Nelle cinque pagine consegnate lunedì sera al Tesoro, i creditori respingono la richiesta del governo di ridurre il debito dell’85% e avanzano la loro, mettendo in evidenza come il loro impegno nei confronti degli azionisti sia recuperare il massimo. Senza giri di parole, le banche spiegano così al Tesoro che in caso di bancarotta di Chrysler potrebbero arrivare a recuperare almeno il 65% del loro investimento. Mentre l’amministratore delegato di Fiat Sergio Marchionne si appresta a rientrare a Torino per il consiglio di amministrazione e la scadenza fissata dalla task force di Obama si avvicina, il presidente di Fiat Luca Cordero di Montezemolo lascia aperta la porta a possibili alleanze nel caso in cui l’accordo con Chrysler non andasse in porto.



“Noi guardiamo con attenzione a tutto, non escludiamo nulla. Tutto quello che vale lo guardiamo”, afferma Montezemolo. Per il Financial Times l’opzione successiva potrebbe essere la Opel, per la quale – secondo il tedesco Rheinischen Post – il fondo Cerberus (che attualmente controlla l’80,1% di Chrysler) e Fiat potrebbero valutare una “soluzione europea” con un ingresso nel capitale. In attesa di notizie certe, a Piazza Affari il titolo arriva a perdere oltre il 6% e chiude con una flessione del 3,32% a 7,28 euro. Vivaci gli scambi per oltre 88,3 milioni di pezzi passati di mano, pari all’8% del capitale.

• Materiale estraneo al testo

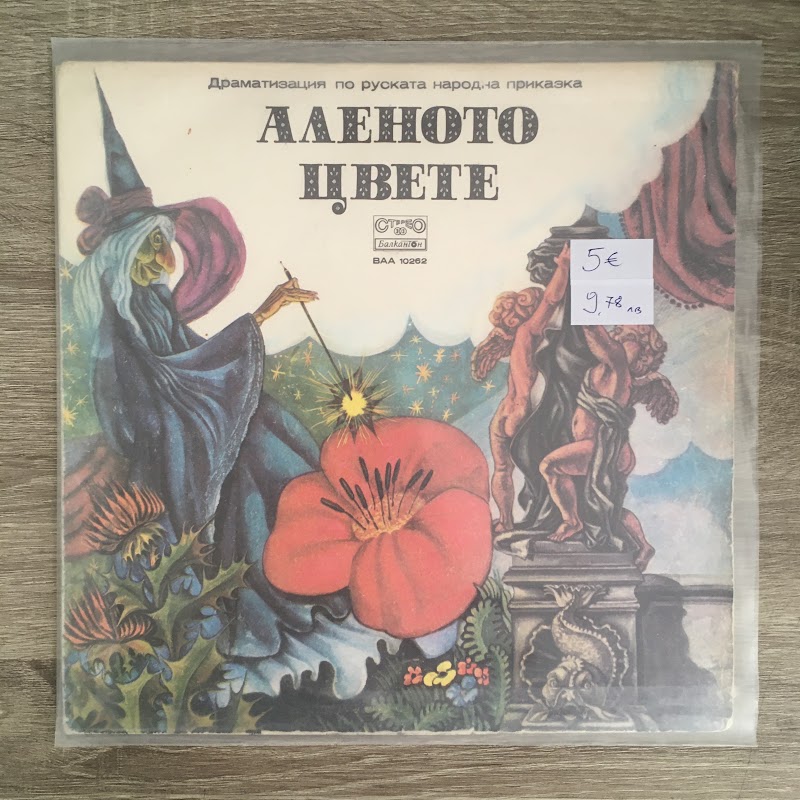 Аленото цвете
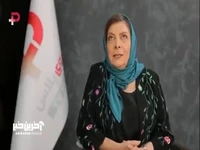 مهوش وقاری: اثرات گران شدن طلا و دلار بر زندگی مردم واقعا نگران کننده است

Nella contro offerta presentate i creditori si dicono “preparati a tagliare il debito Chrysler di 2,4 miliardi di dollari a 4,5 miliardi, in cambio di quota di minoranza che potrebbe essere compresa – secondo indiscrezioni -fra il 33% e il 40%. L’accordo fra Fiat e Chrysler dovrebe prevedere che a Torino vada il 20% di Chrysler con la possibilità – secondo indiscrezioni – di salire fino al 35% a blocchi di cinque punti percentuali. Al sindacato dovrebbe United Auto Worker (Uaw) dovrebbe andare un altro 20% mentre a un fondo del governo potrebbe andare la quota restante, compreso il 15% con cui Fiat potrebbe arrotondare la propria partecipazione passata la fase iniziale. “Quanto il governo aveva chiesto era senza precedenti nella storia americana. La nostra reazione alla proposta – spiegano fonti vicine ai creditori al Wall Sreet Journal – e stata: Dimenticatevelo”.

In vista dell’approssimarsi del 30 aprile, data entro la quale non è escluso che Marchionne torni nuovamente negli Usa per chiudere la partita, dal mondo politico continua invece ad arrivare un plauso alla possibile alleanza con la casa di Detroit. “Non so quante chance possa avere l’operazione perché non la conosco nei dettagli – afferma il premier Silvio Berlusconi – ma ho fatto i miei auguri più convinti affinché possa andare in porto e dia alla Fiat una grande spinta e la possibilità di contare anche nel mondo internazionale e sul mercato americano”. “Il governo – dice il ministro per lo Sviluppo Economico, Claudio Scajola – si augura che si raggiunga l’accordo tra Fiat e Chrysler.